**Data section**
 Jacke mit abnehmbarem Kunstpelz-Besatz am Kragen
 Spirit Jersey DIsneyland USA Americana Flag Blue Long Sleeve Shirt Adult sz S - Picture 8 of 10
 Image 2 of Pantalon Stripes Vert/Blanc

---

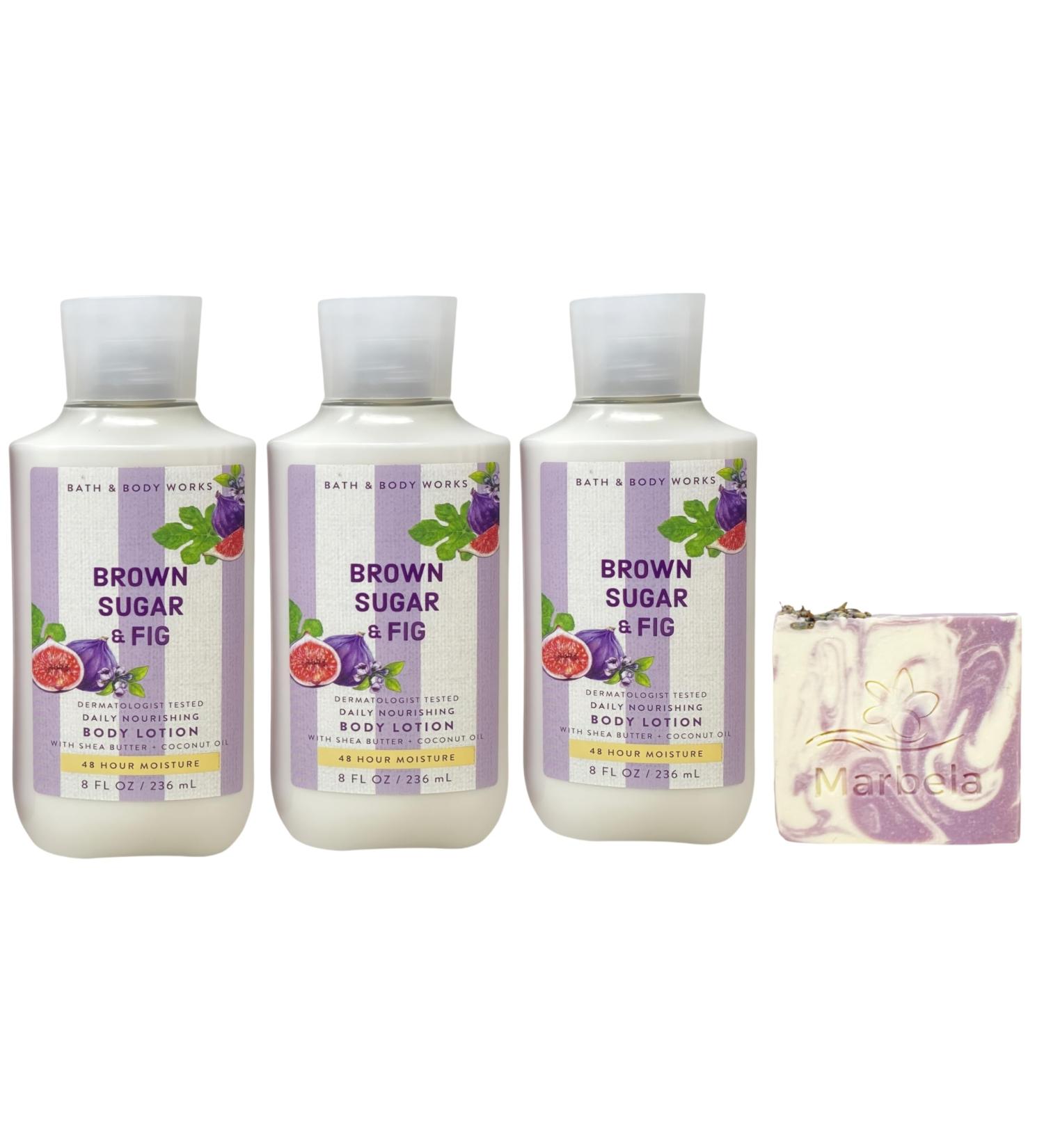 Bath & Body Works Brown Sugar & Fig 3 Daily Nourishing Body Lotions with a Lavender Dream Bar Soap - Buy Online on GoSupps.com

**Task statement**
Reproduce word for word the material above, starting with the line that has "Spirit Jersey DIsneyland" and stopping after the line that has "Image 2 of Pantalon Stripes Vert/Blanc".

**Result for this task**
 Spirit Jersey DIsneyland USA Americana Flag Blue Long Sleeve Shirt Adult sz S - Picture 8 of 10
 Image 2 of Pantalon Stripes Vert/Blanc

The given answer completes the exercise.